With regard to human consumption of antimicrobials, 65% of the 27 reporting countries had met the WHO target of at least 60% of the antimicrobials consumed being from the “Access” group of antibiotics, i.e. those which, according to the WHO AWaRE classification, are effective against a wide spectrum of common infections and carry a relatively low risk of developing resistance.

Due to insufficient coverage of analytical tests and low laboratory capacity, especially in low- and middle-income countries, it remains difficult to interpret antimicrobial resistance rates. To fill this critical gap, WHO will follow a two-pronged line of work: in the short term, collect evidence through surveys; in the long term, build capacity for systematic surveillance. This will result, on the one hand, in the implementation of nationally representative surveys on the prevalence of antimicrobial resistance, in order to generate a collection of reference data and trend data on the subject that serve to formulate policies and closely monitor interventions and, on the other hand, an increase, at all levels of the health system, in the number of quality-assured laboratories that report representative data on antimicrobial resistance.

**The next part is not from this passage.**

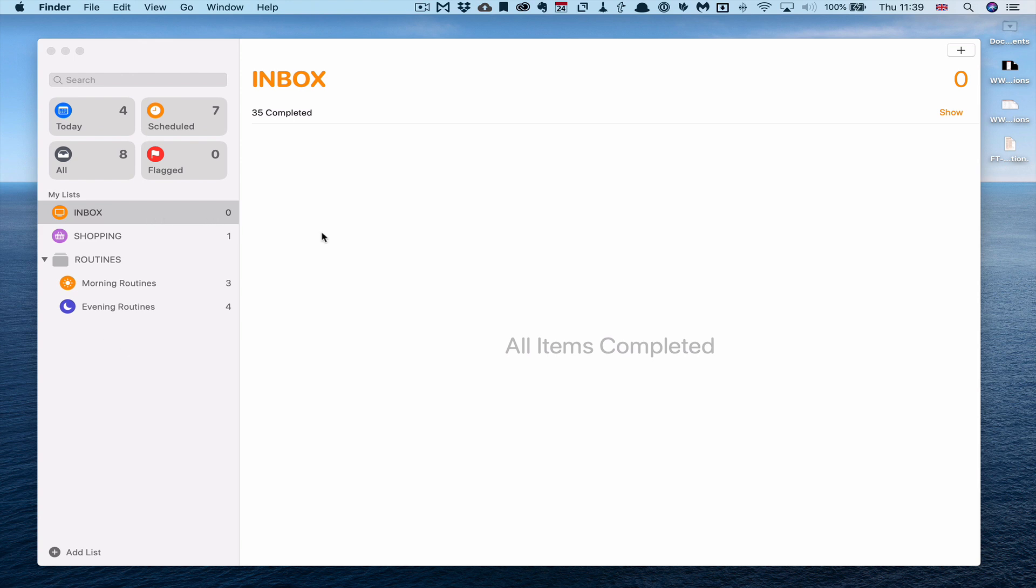I've always had an inbox because it's just so easy to collect stuff using Siri. To be able to say hey Siri add to my inbox is just a really quick and easy way to get stuff off my mind and into a trusted place.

To cope with the increasing course of antimicrobial resistance, countries need to make every effort, at a high level, to enhance their surveillance capacity and provide quality-assured data, knowing that it is also the responsibility of all individuals and communities to act. The next phase of GLASS, by enhancing the collection of standardized and quality data on antimicrobial resistance and the consumption of these drugs, will build the foundation for effective and scientifically sound action to tackle the emergence and spread of antimicrobial resistance and protect the use of medicines antimicrobials for future generations.